What is needed =
Please reproduce the lines of the records below from the one holding "Happy mature businessman" through the one holding "Two men builders", inclusive, skipping all pictures.

--*--

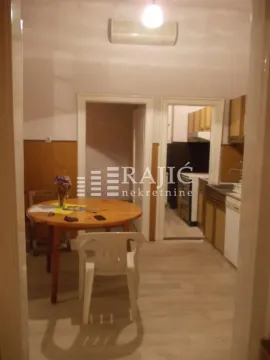 Dining area with a table and chairs, looking into the kitchen. - image 11
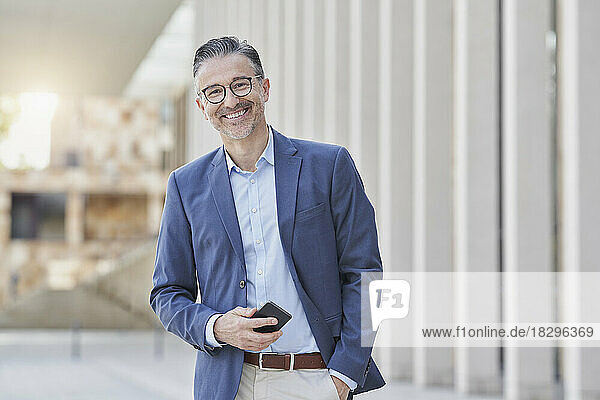 Happy mature businessman standing with mobile phone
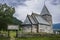 Hove church, an old stone church in Vikoyri, Norway, during a moody, dramtic day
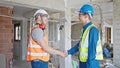 Two men builders shake hands speaking at construction site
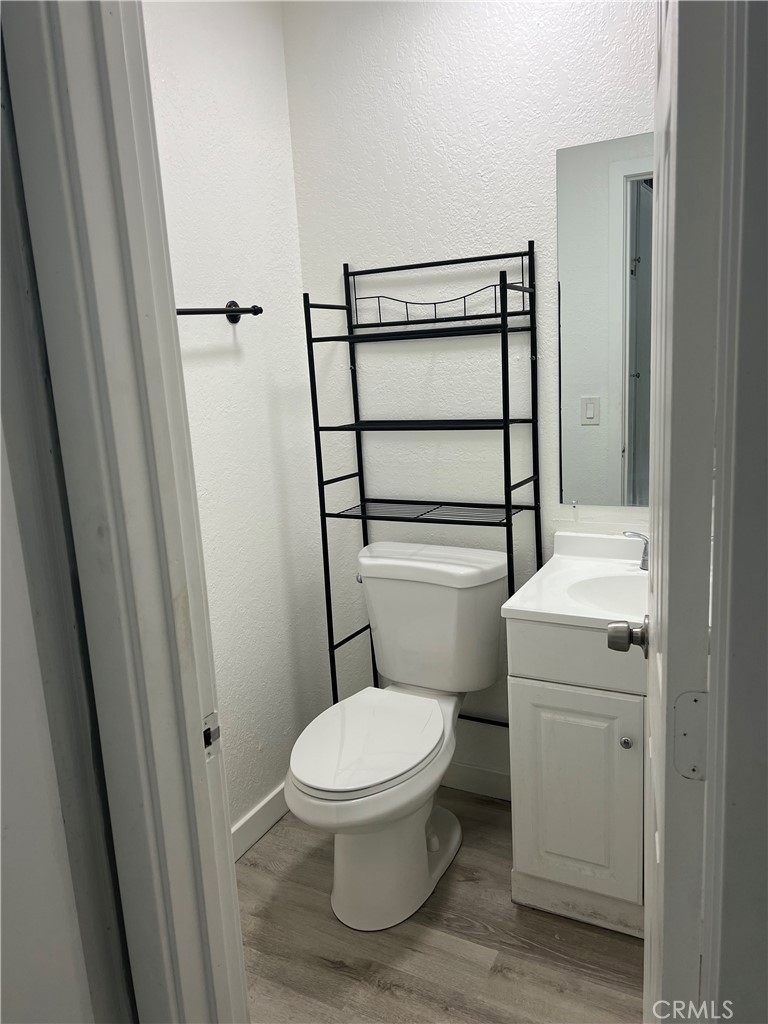 136 West 53rd Street, Unit A Long Beach, CA 90805 - Photo 8 of 13 a white toilet sitting next to a sink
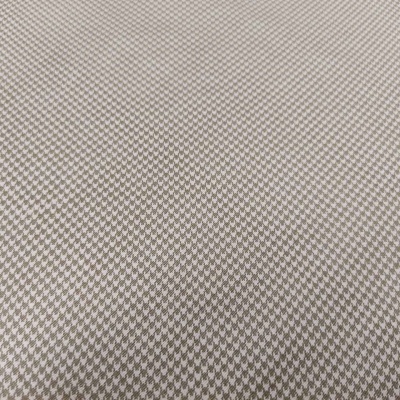 Tecido bege e branco com padrão pied-de-poule pequeno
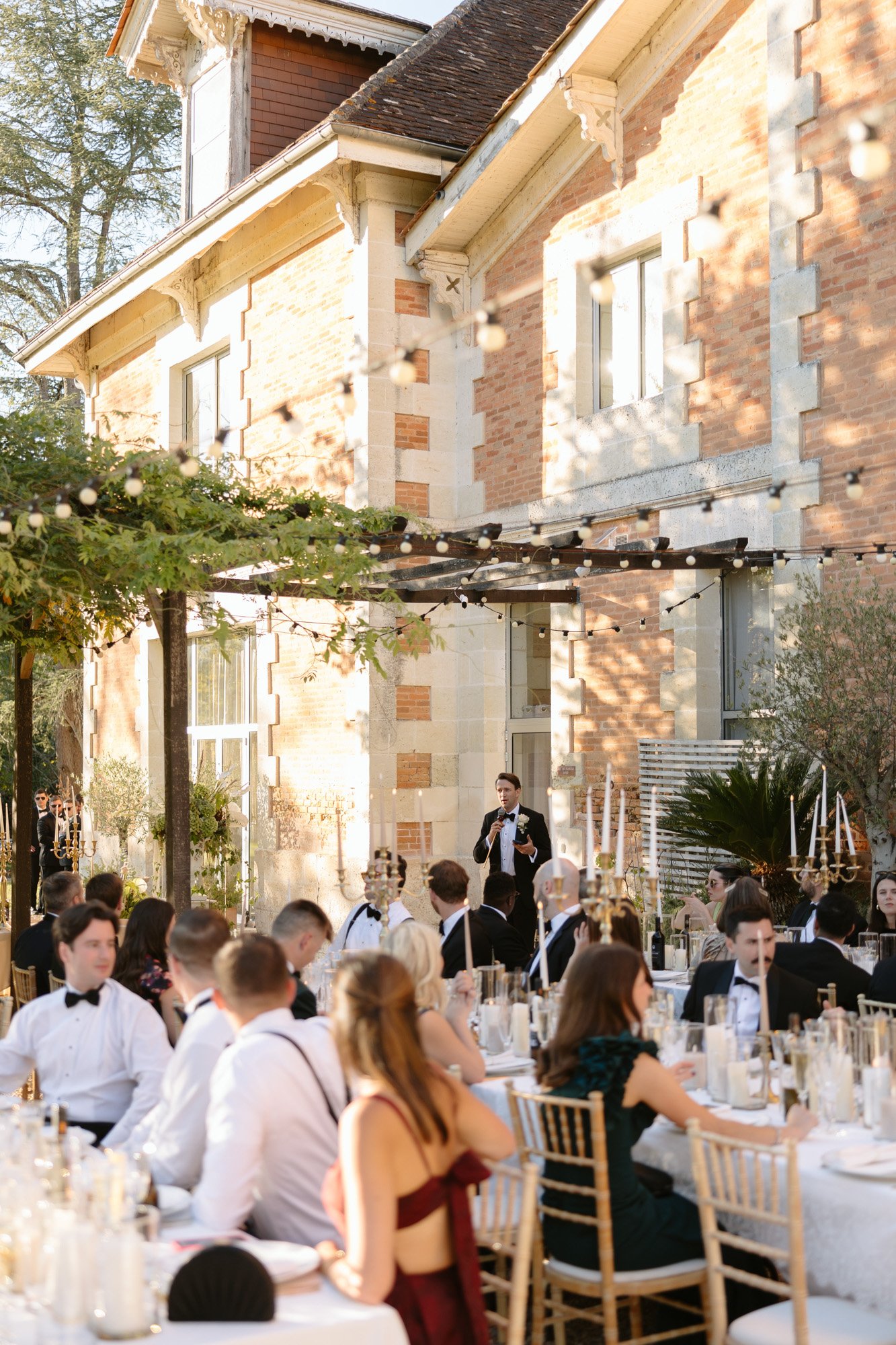 A group of people seated at outdoor tables for a formal event; a man stands and speaks into a microphone in front of a brick building decorated with string lights.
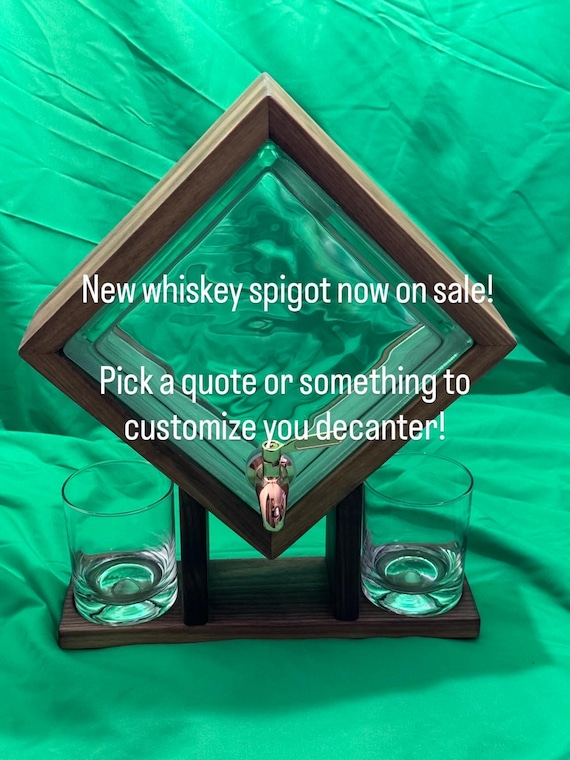 A solid walnut-and-glass block decanter with a copper spigot and custom engraving — it's genuinely sculptural, not just a bottle with a name on it.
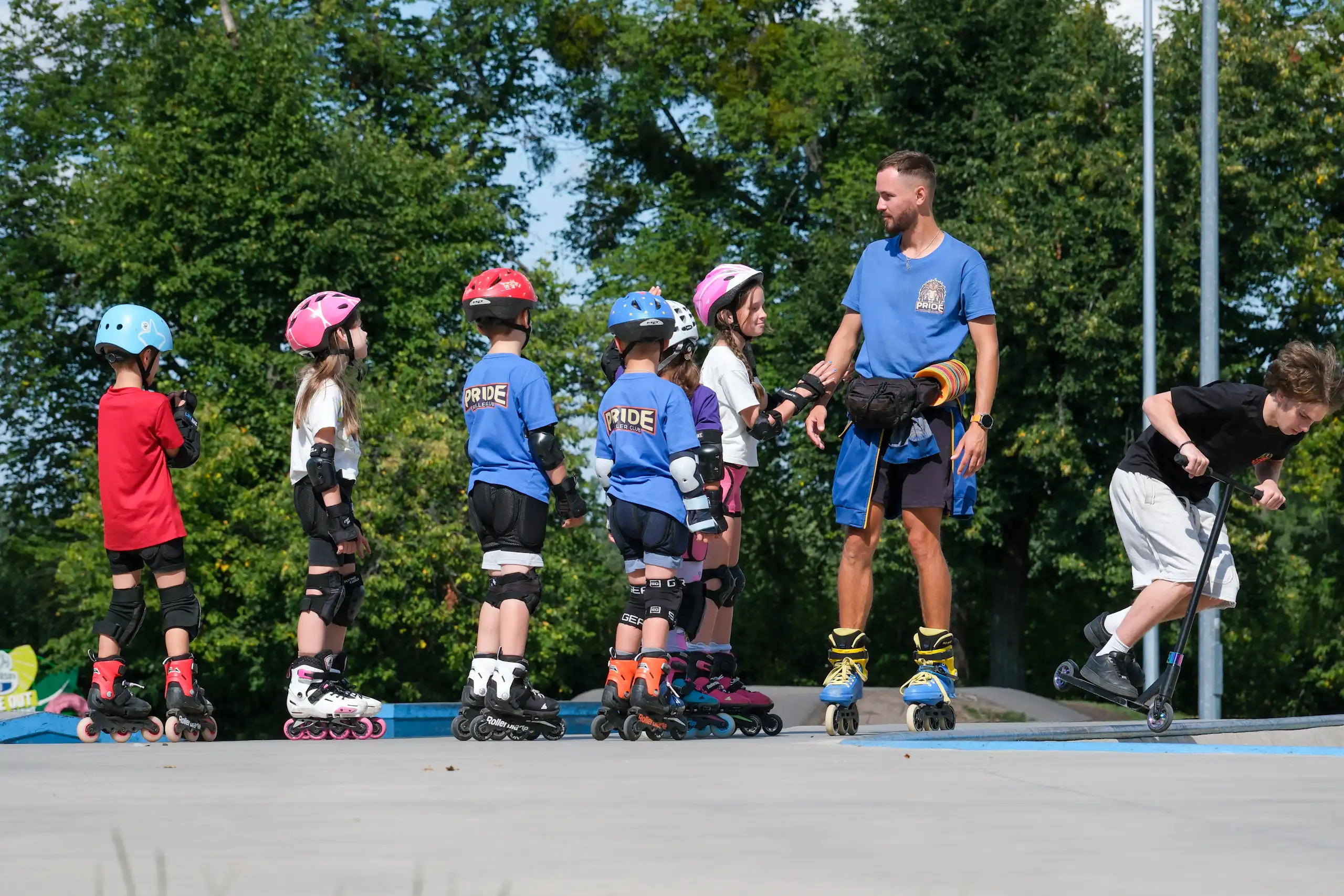 Un grup de xiquets i xiquetes amb patins practiquen a una pista amb un monitor.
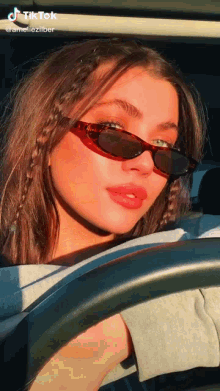 a woman wearing sunglasses and braids is driving a car .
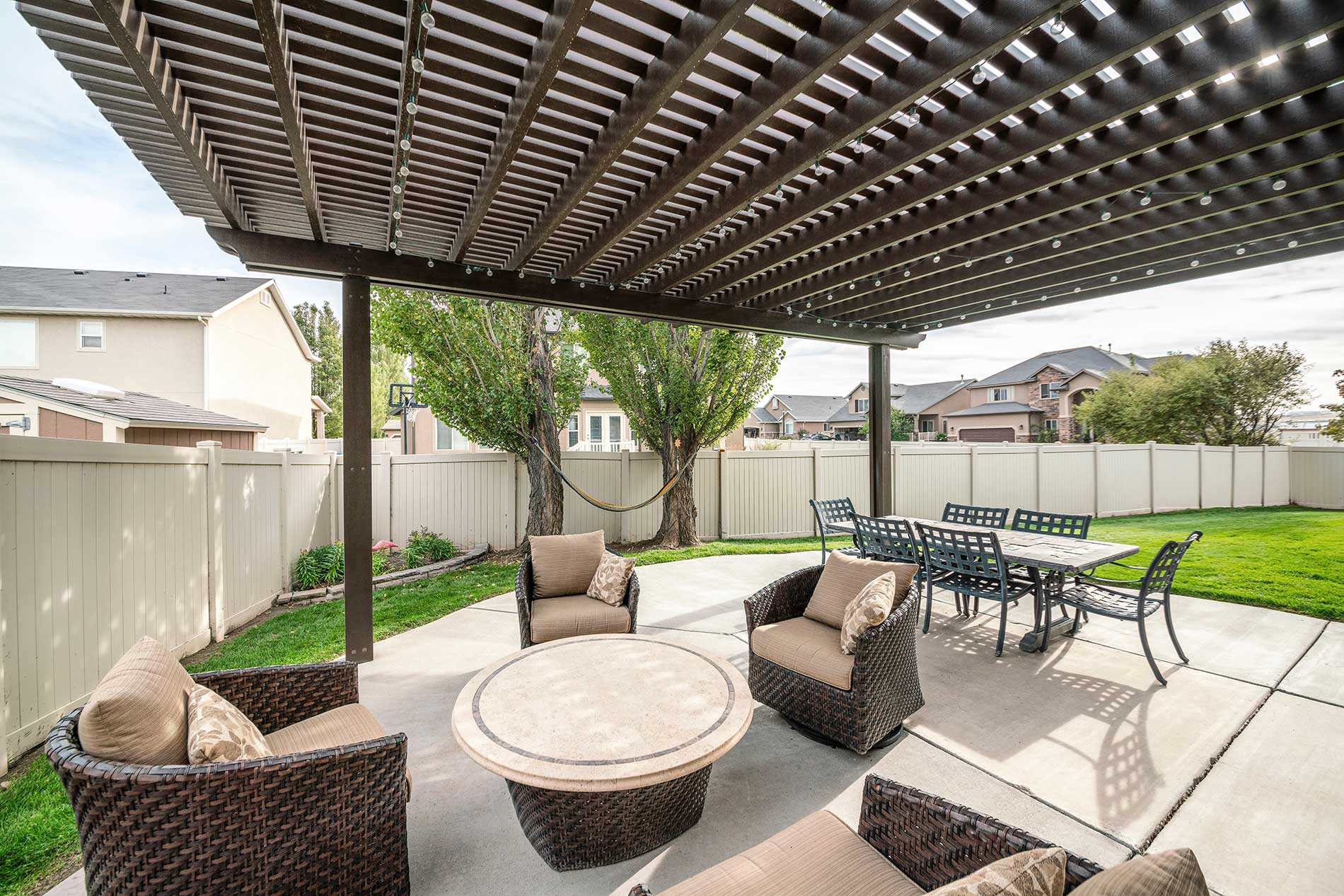 patio outside with chairs and tables around lawn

--*--

Written response =
 Happy mature businessman standing with mobile phone
 Hove church, an old stone church in Vikoyri, Norway, during a moody, dramtic day
 Two men builders shake hands speaking at construction site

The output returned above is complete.